Diplomatic service of Estonia in exile during Soviet occupation of Estonia

Estonia was occupied on 17 June 1940, by Red Army troops and was forcibly incorporated into the Soviet Union on 6 August 1940. The United States never recognized the illegal annexation of the three Baltic countries – Estonia, Latvia, and Lithuania – in conformity with the principles of the Stimson Doctrine (US Under Secretary of State Sumner Welles's Declaration of July 23, 1940), and more than 50 countries followed this position.

The Republic of Estonia, from 1940 through 1991, continued to exist as a state de jure according to international law during the whole period of its actual occupation and annexation.
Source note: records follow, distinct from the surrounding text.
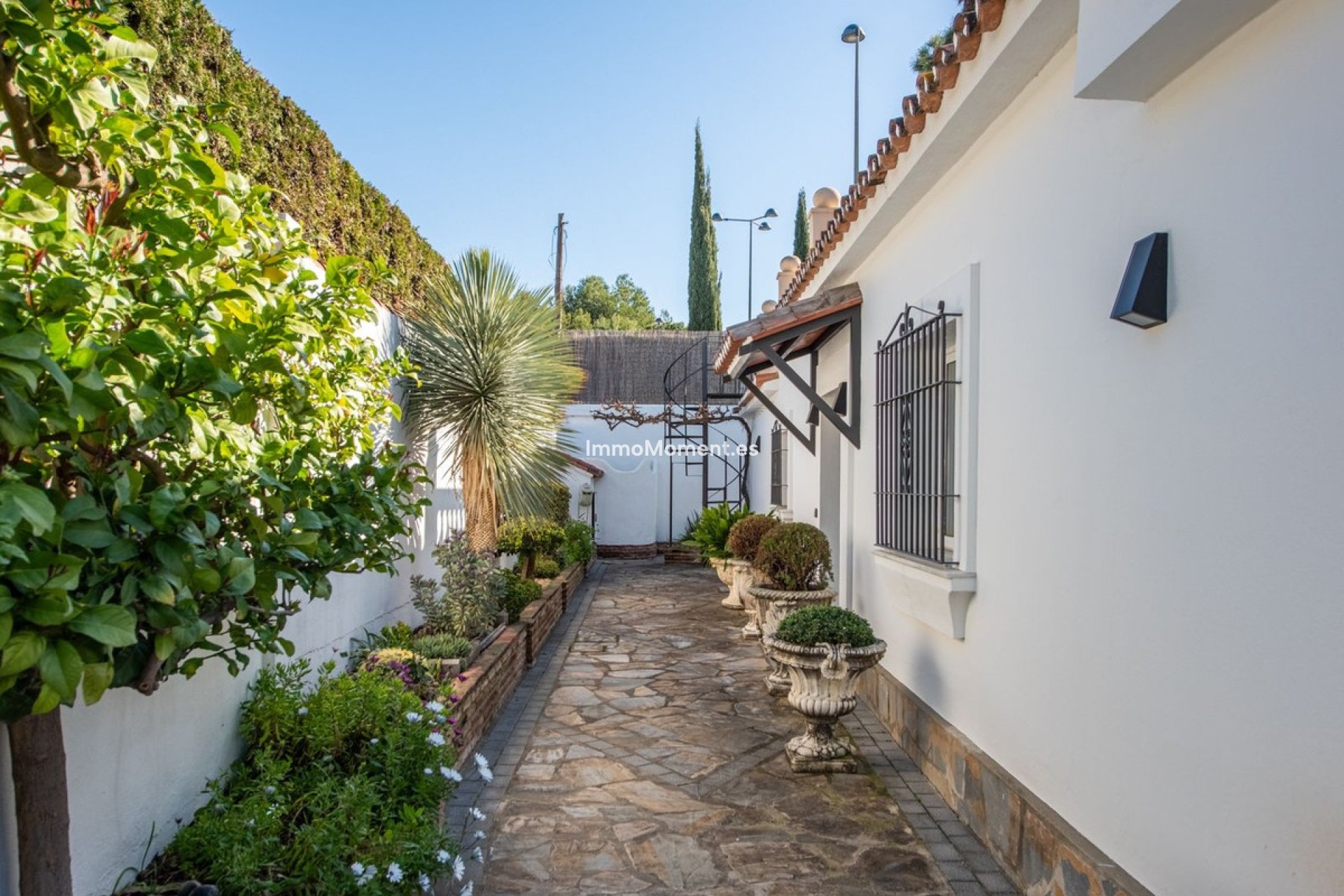 Bestaande woning - Vrijstaande villa - Marbella - The Golden Mile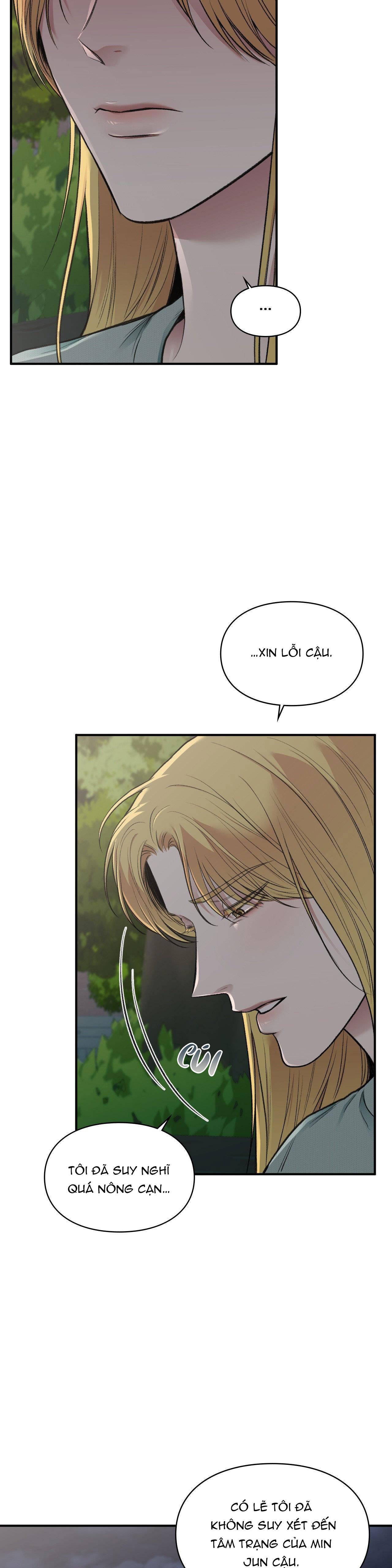 zai đẹp nhưng lại thích dạy đời chapter 40 22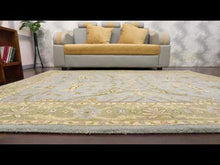 Naein Hand Tufted Rug — video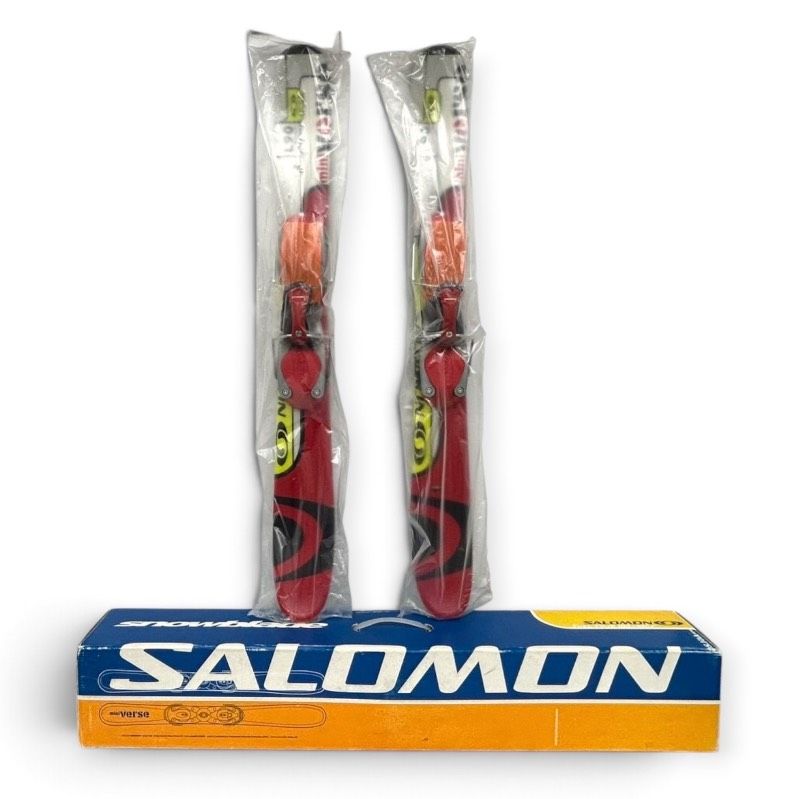 【極美品】SALOMON サロモン  Blede スノーブレード 未使用/訳あり】SALOMON サロモン SNOW Blede スノーブレード 1113T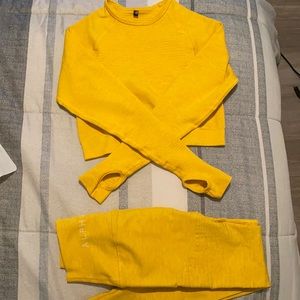 Alphalete women’s set xs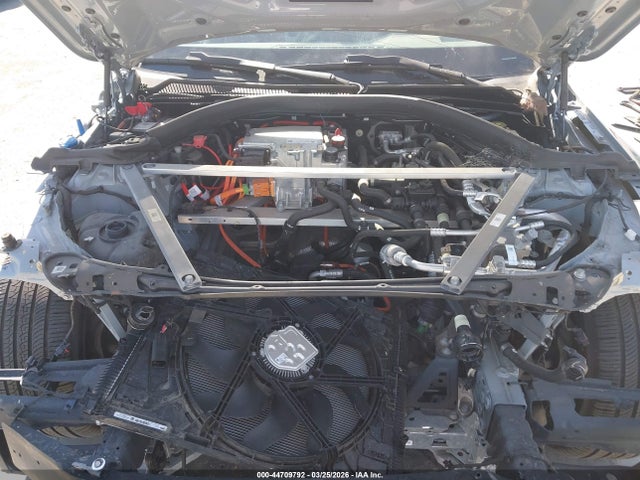 2024 BMW I4 WBY43AW04RFS17100 Photo 9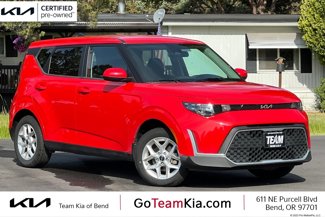 Certified 2023 Kia Soul LX w/ LX Technology Package image 1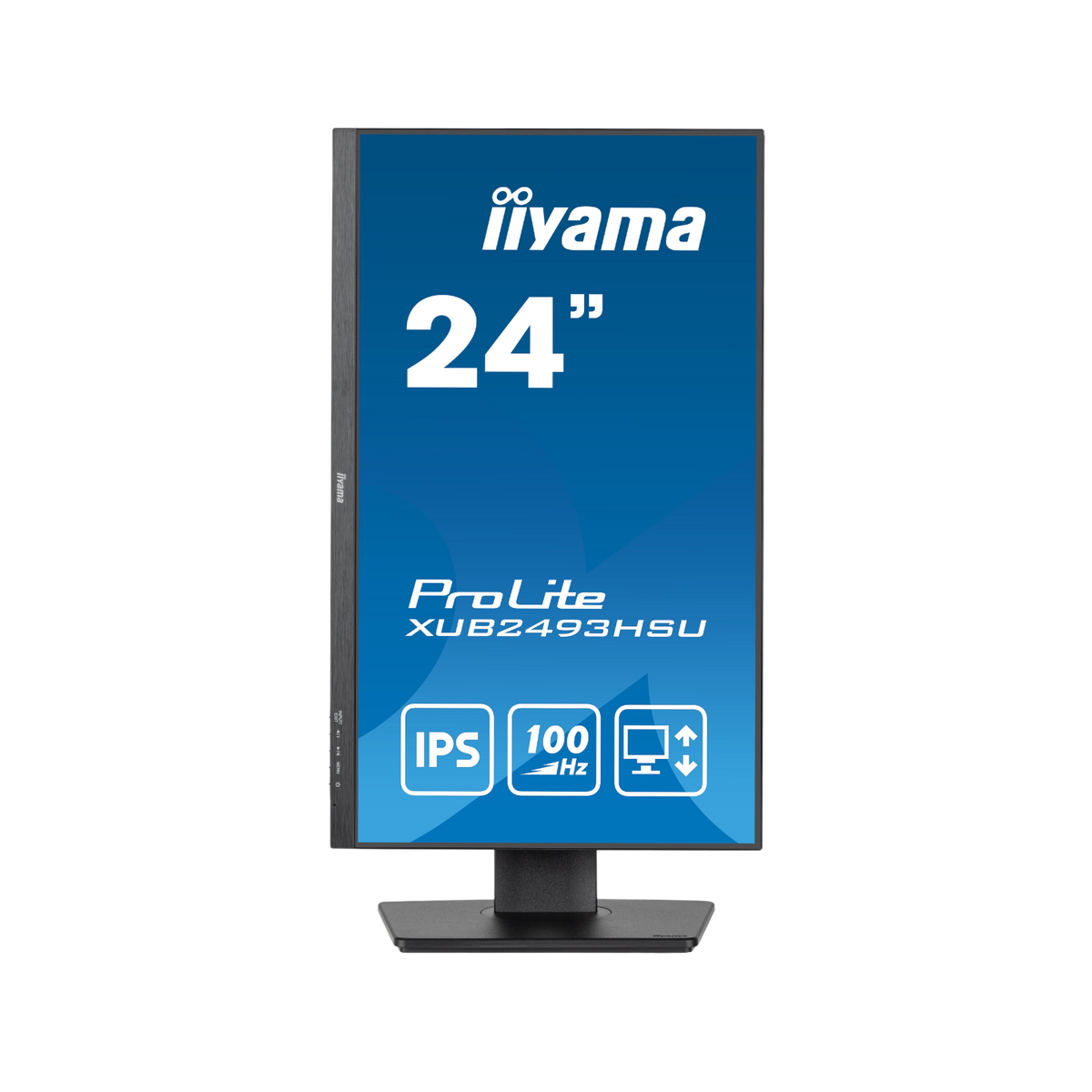 Monitor iiyama ProLite XUB2493HSU-B6 24" IPS Full HD.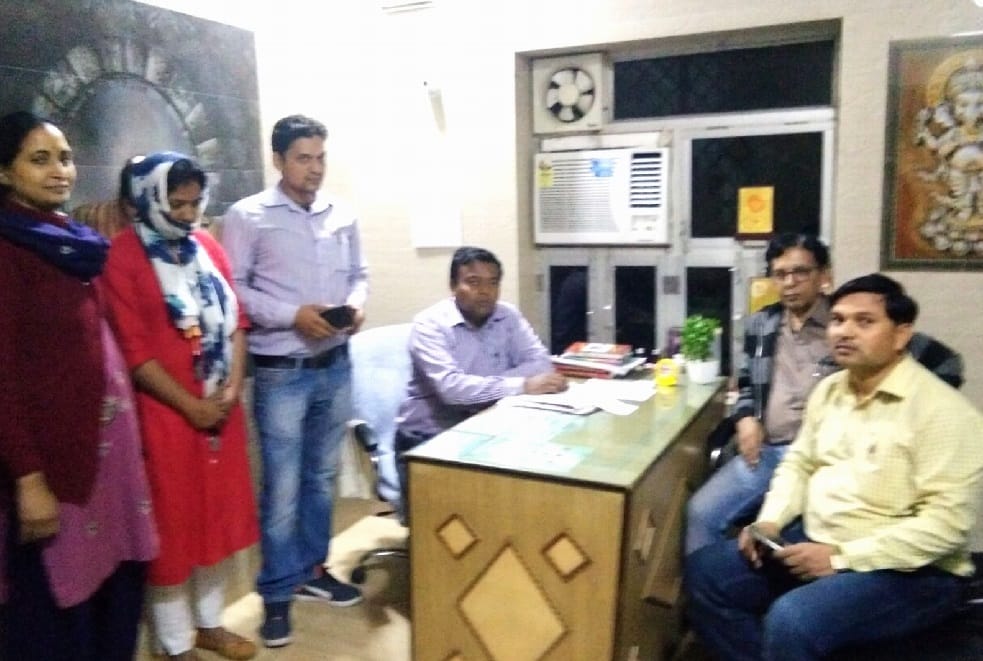 gender tests Black Businesses  busted in haridwar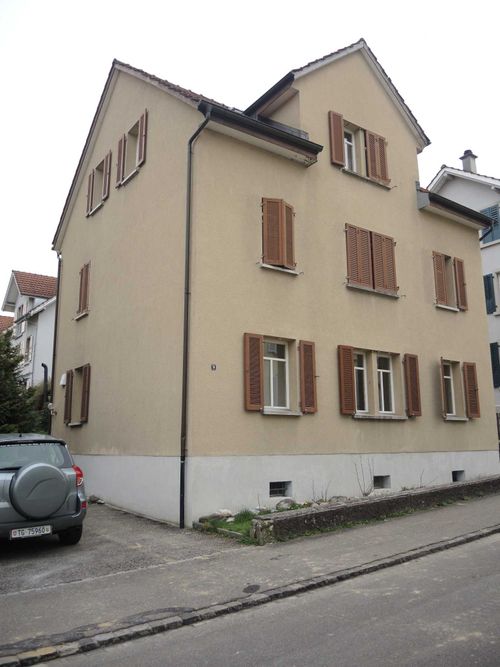 Mehrfamilienhaus in Rorschach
Therefore, some Estonian diplomatic and consular representations continued to function from 1940 through 1991 in some Western countries (the United States, Australia, the United Kingdom, and others), dealing with a limited part of state functions of the Republic of Estonia.

==Heads of the Estonian Diplomatic Service==
- Johannes Kaiv (1940–1965)
- Ernst Jaakson (1965–1991)

In 1969, Jaakson signed the Apollo 11 goodwill messages on behalf of the Estonian nation, among leaders of 73 countries from around the world.

==See also==
- Estonian government-in-exile
- State continuity of the Baltic states
- Embassy without a government
- Latvian diplomatic service in exile
- Lithuanian Diplomatic Service
- Baltic Legations (1940–1991)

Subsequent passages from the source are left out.